Install the Azure Machine Learning SDK with AutoML.

For more details see https://docs.microsoft.com/en-us/azure/machine-learning/how-to-configure-databricks-automl-environment#add-the-azure-ml-sdk-with-automl-to-databricks

In [0]:
%pip install --upgrade --force-reinstall -r https://aka.ms/automl_linux_requirements.txt

Install the Azure ML Interpretability library.

In [0]:
%pip install azureml-interpret

Install support for the explainability dashboard.

In [0]:
%pip install interpret-community[visualization]

Provide information to connect to the Azure Machine Learning workspace.

In [0]:
from azureml.core import Workspace, Experiment, Datastore, Dataset
from azureml.train.automl.run import AutoMLRun
import azureml.train.automl
import azureml.train.automl.runtime
import numpy as np
import pandas as pd
import matplotlib.pylab as plt 

#Provide the Subscription ID of your existing Azure subscription
subscription_id = "" # <- subscription you are using for this hands-on lab

#Replace the name below with the name of your resource group 
resource_group = "MCW-Machine-Learning"

#Replace the name below with the name of your Azure Machine Learning workspace
workspace_name = "mcwmachinelearning"

experiment_name = 'Battery-Cycles-Forecast'
dataset_name = 'daily-battery-time-series'

## Connect to the Azure Machine Learning workspace

**Important note for workspace authentication**

If you have access to multiple tenants, you may need to import the `InteractiveLoginAuthentication` class and explicitly define what tenant you are targeting. Uncomment the first two lines of the cell below to force interactive authentication.

For mode details, see https://docs.microsoft.com/en-us/azure/machine-learning/how-to-setup-authentication.

In [0]:
#from azureml.core.authentication import InteractiveLoginAuthentication
#interactive_auth = InteractiveLoginAuthentication(tenant_id="<azure_ad_tenant_id>")

# Connect to the Azure ML Workspace
ws = Workspace(subscription_id, resource_group, workspace_name)

# Get default datastore to upload prepared data
datastore = ws.get_default_datastore()

Connect to the AutoML experiment that was previously manually created and list the runs associated with the experiment.

In [0]:
# In case you used previously a different name for the Azure Machine Learning experiment, replace the name below with that name.
experiment = Experiment(ws, experiment_name)

list(experiment.get_runs())

Identify the latest run with a status of `Completed`, and use its `Id` to get the best model.

In [0]:
# Replace `<automl_run_id>` below with the `Id` of the latest completed run
automl_run = AutoMLRun(experiment, run_id = '')
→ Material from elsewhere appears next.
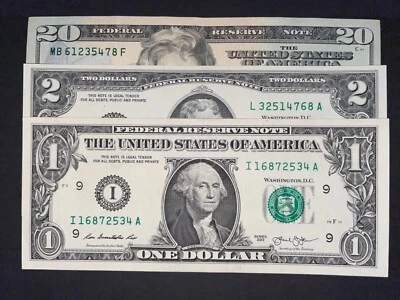 FANCY SERIAL NUMBERS $1 $2 $20 2013 UNCIRCULATED FED NOTE I9 MINNEAPOLIS L12 SF  - Image 1 of 2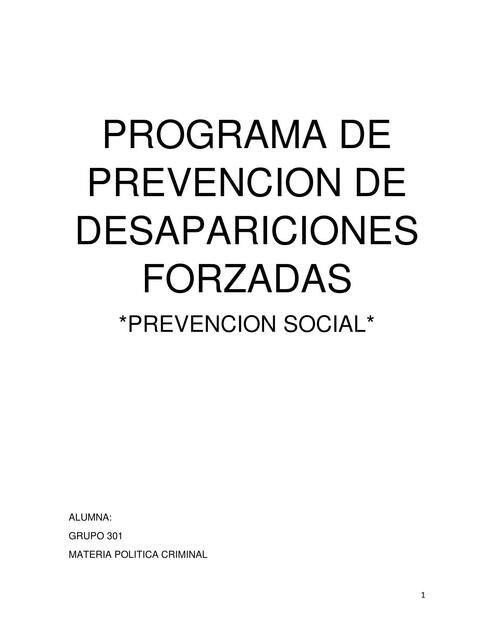 PROGRAMA DE PREVENCIÓN DE DESAPARICIONES FORZADAS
best_run, best_model = automl_run.get_output()
best_model

Load the dataset used to train the model with AutoML.

In [0]:
car_battery_ds = Dataset.get_by_name(ws, dataset_name)
car_battery_df = car_battery_ds.to_pandas_dataframe()
car_battery_df.tail(10)

## Generate feature importance values

Use `automl_setup_model_explanations` to configure the process of getting feature importance values.

In [0]:
from azureml.train.automl.runtime.automl_explain_utilities import automl_setup_model_explanations

automl_explainer_setup_obj = automl_setup_model_explanations(best_model, X=car_battery_df, 
                                                             y=car_battery_df['Daily_Cycles_Used'],
                                                             task='forecasting')

To generate an explanation for AutoML models, use the MimicWrapper class. You can initialize the MimicWrapper with these parameters:

- The explainer setup object
- Your workspace
- A surrogate model to explain the `best_model` automated ML model

In [0]:
from azureml.interpret import MimicWrapper

# Initialize the Mimic Explainer
explainer = MimicWrapper(ws, automl_explainer_setup_obj.automl_estimator,
                         explainable_model=automl_explainer_setup_obj.surrogate_model, 
                         init_dataset=automl_explainer_setup_obj.X_transform, run=automl_run,
                         features=automl_explainer_setup_obj.engineered_feature_names, 
                         feature_maps=[automl_explainer_setup_obj.feature_map],
                         classes=automl_explainer_setup_obj.classes,
                         explainer_kwargs=automl_explainer_setup_obj.surrogate_model_params)

You can call the `explain()` method in `MimicWrapper` with the transformed test samples to get the feature importance for the generated engineered features. You can also use `ExplanationDashboard` to view the dashboard visualization of the feature importance values of the generated engineered features by automated ML featurizers.

Notice the relative importance values for the most relevant features.

In [0]:
engineered_explanations = explainer.explain(['local', 'global'], eval_dataset=automl_explainer_setup_obj.X_test_transform)
print(engineered_explanations.get_feature_importance_dict())

Open the Explanation Dashboard to view feature importance.

Once the dashboard is opened, select the **Aggregate Feature Importance** tab to see the top features ordered by importance.

In [0]:
from interpret_community.widget import ExplanationDashboard

ExplanationDashboard(engineered_explanations, best_model, datasetX=automl_explainer_setup_obj.X_test_transform)